SiteMaps
SiteMaps is a gem that helps you to generate sitemaps for your Rails application.
Installation
Add this line to your application's Gemfile:
gem 'site_maps'
And then execute:
bundle install
Or install it yourself as:
gem install site_maps
Usage
Create a configuration file where you will define the sitemap logic. You can use the following DSL to define the sitemap generation. Below is the minimum configuration required to generate a sitemap:
# config/sitemap.rb
SiteMaps.use(:file_system) do
configure do |config|
config.url = "https://example.com/sitemaps/sitemap.xml.gz" # Location of main sitemap index file
config.directory = "/home/www/public"
end
process do |s|
s.add('/', priority: 1.0, changefreq: "daily")
s.add('/about', priority: 0.9, changefreq: "weekly")
end
end
After creating the configuration file, you can run the following command to generate the sitemap:
SiteMaps.generate(config_file: "config/sitemap.rb")
.enqueue_all
.run
or you can use the CLI to generate the sitemap:
bundle exec site_maps generate --config-file config/sitemap.rb
Configuration
Configuration can be defined using the configure
block or by passing the configuration options to the use
method. Each adapter may have specific configuration options, but the following options are common to all adapters:
-
url
- URL of the main sitemap index file. This URL must ends with.xml
or.xml.gz
. -
directory
- Directory where the sitemap files will be stored.
Configuration using the #configure
block
SiteMaps.use(:file_system) do
configure do |config|
config.url = "https://example.com/sitemaps/sitemap.xml.gz"
config.directory = "/home/www/public"
end
# define sitemap processes..
end
Configuration using #config
method
SiteMaps.use(:file_system) do
config.url = "https://example.com/sitemaps/sitemap.xml.gz"
config.directory = "/home/www/public"
# define sitemap processes..
end
Configuration passing options to the #use
method
SiteMaps.use(:file_system, url: "https://example.com/sitemaps/sitemap.xml.gz", directory: "/home/www/public") do
# define sitemap processes..
end
Refer to the adapter documentation to see the specific configuration options.
Gzip Compression
The sitemap files can be automatically compressed using the gzip algorithm. To enable the gzip compression, just pass the sitemap url with the .gz
extension.
# config/sitemap.rb
SiteMaps.use(:file_system) do
configure do |config|
config.url = "https://example.com/sitemaps/sitemap.xml.gz" # Location of main sitemap index file
config.directory = "/home/www/public"
end
process do |s|
# Add sitemap links
end
end
Sitemap Index
For small websites, you can use a single sitemap file to store all the links. However, for large websites with thousands of links, you should use a sitemap index file to store the sitemap links. This library will automatically generate the sitemap index file if you define multiple processes or if the amount of links exceeds the maximum limit of links or file size.
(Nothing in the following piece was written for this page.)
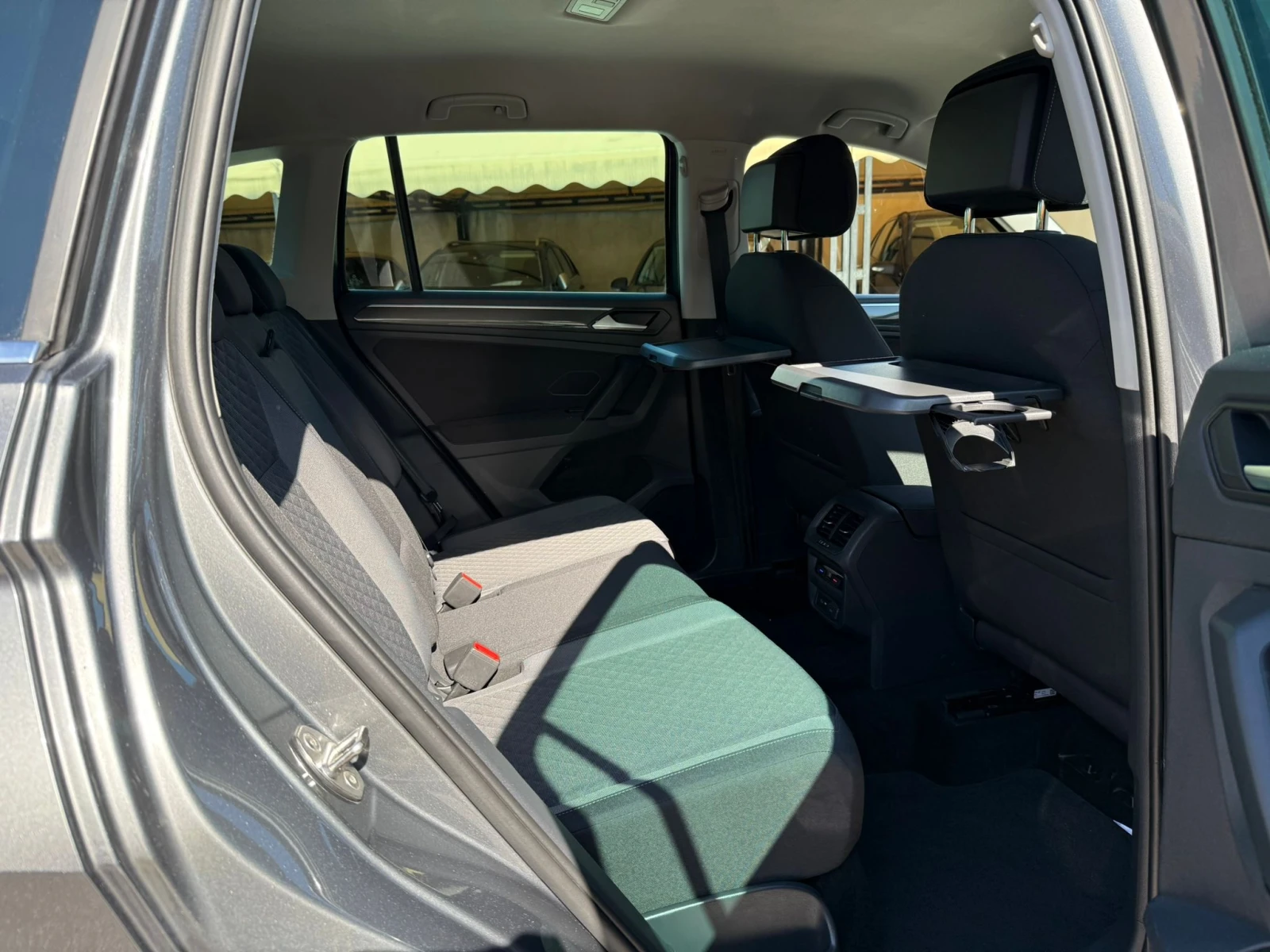 VW Tiguan R-LINE 2.0TDI VIRTUAL COCKPIT !!!!100% !!  | Mobile.bg   15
Criteria to generate the sitemap index file:
- Multiple processes defined in the configuration file.
- The amount of links exceeds the maximum limit of links (50,000 links).
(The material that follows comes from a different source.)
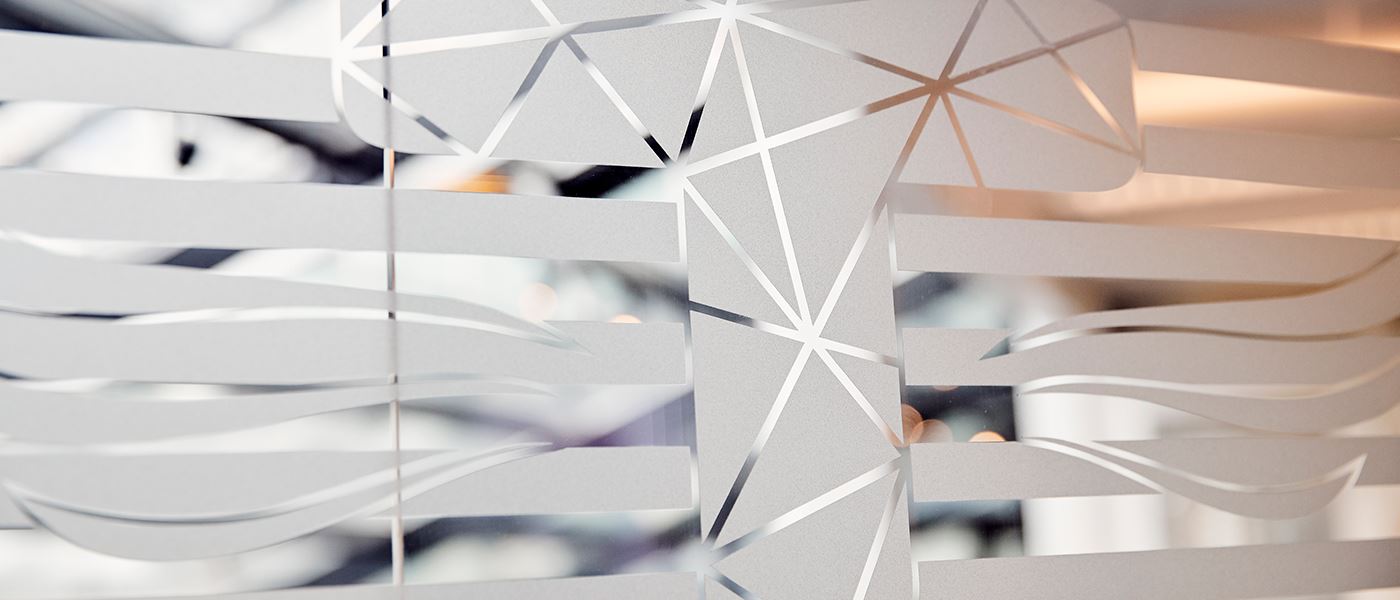 Tradium logo T i glas ved reception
- The amount of news links exceeds the maximum limit of news links (1,000 links).
- The uncompressed file size exceeds the maximum limit of file size (50MB).
Static and Dynamic Processes
Sitemap links are defined in the process
block because the gem is designed to generate sitemaps for large websites in parallel. It means that each process will be executed in a separate thread, which will improve the performance of the sitemap generation.
Each process can have a unique name and a unique sitemap file location. By omitting the name and the file location, the process will use the :default
value.
Bellow is an example of a configuration file with multiple processes:
# config/sitemap.rb
SiteMaps.use(:file_system) do
configure do |config|
config.url = "https://example.com/sitemaps/sitemap.xml" # Location of main sitemap index file
config.directory = "/home/www/public"
end
# Static Processes
process do |s|
s.add('/', priority: 1.0, changefreq: "daily")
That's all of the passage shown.